— What to produce —
Begin at the line containing "A coastal town" in the records below, end at the line containing "38985 337th Ln, Aitkin, MN", and retype each line in that span exactly. No other line and no image should appear.

— Given data —
--------------------------------------------------

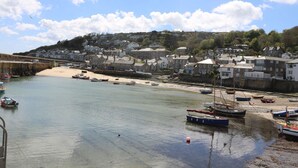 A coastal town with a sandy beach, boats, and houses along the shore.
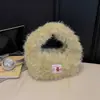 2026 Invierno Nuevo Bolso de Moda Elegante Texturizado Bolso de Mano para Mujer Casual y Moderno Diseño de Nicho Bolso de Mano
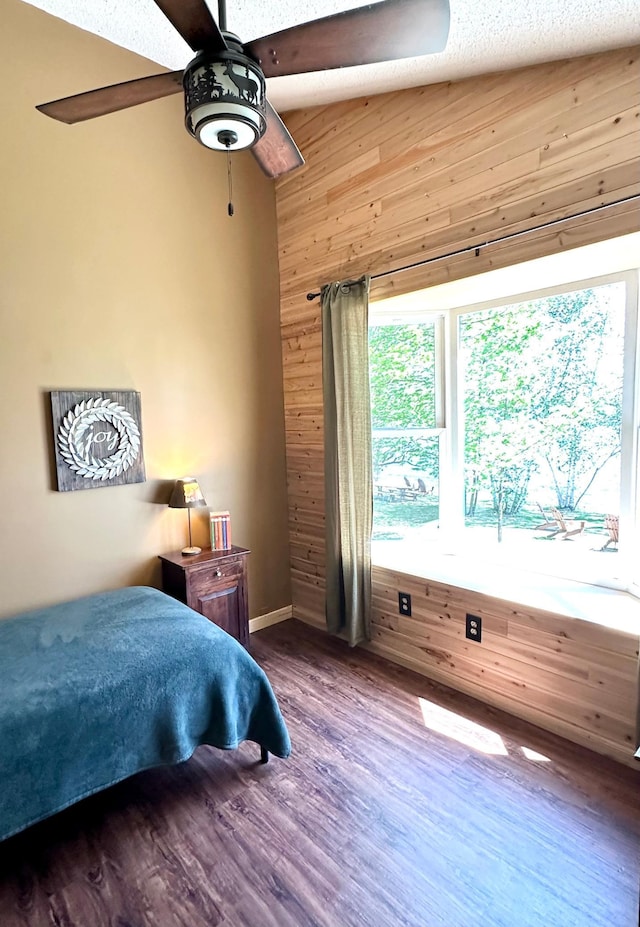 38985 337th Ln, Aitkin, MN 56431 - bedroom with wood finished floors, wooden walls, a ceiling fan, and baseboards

--------------------------------------------------

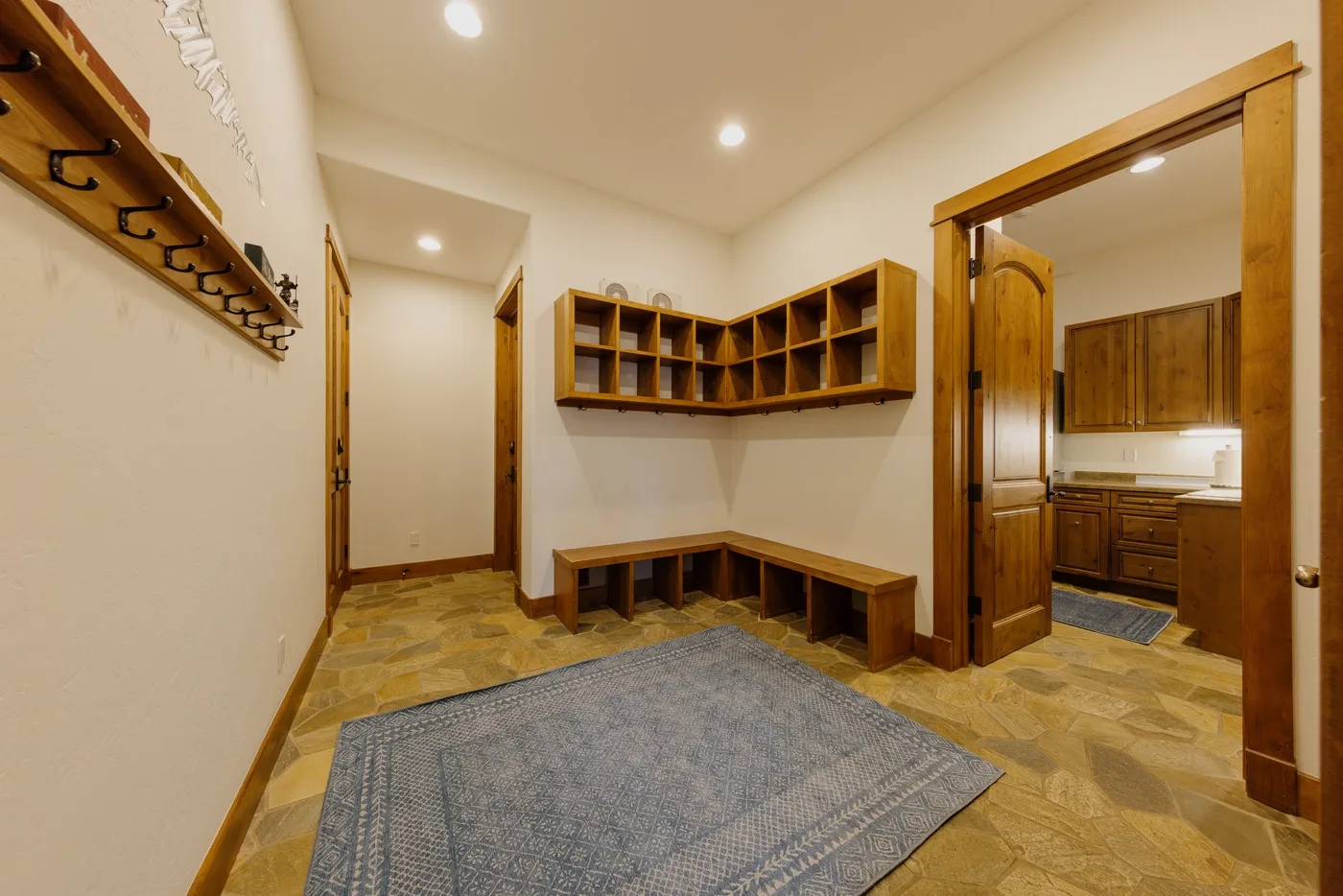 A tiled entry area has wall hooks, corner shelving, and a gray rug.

--------------------------------------------------

— Written answer —
 A coastal town with a sandy beach, boats, and houses along the shore.
 2026 Invierno Nuevo Bolso de Moda Elegante Texturizado Bolso de Mano para Mujer Casual y Moderno Diseño de Nicho Bolso de Mano
 38985 337th Ln, Aitkin, MN 56431 - bedroom with wood finished floors, wooden walls, a ceiling fan, and baseboards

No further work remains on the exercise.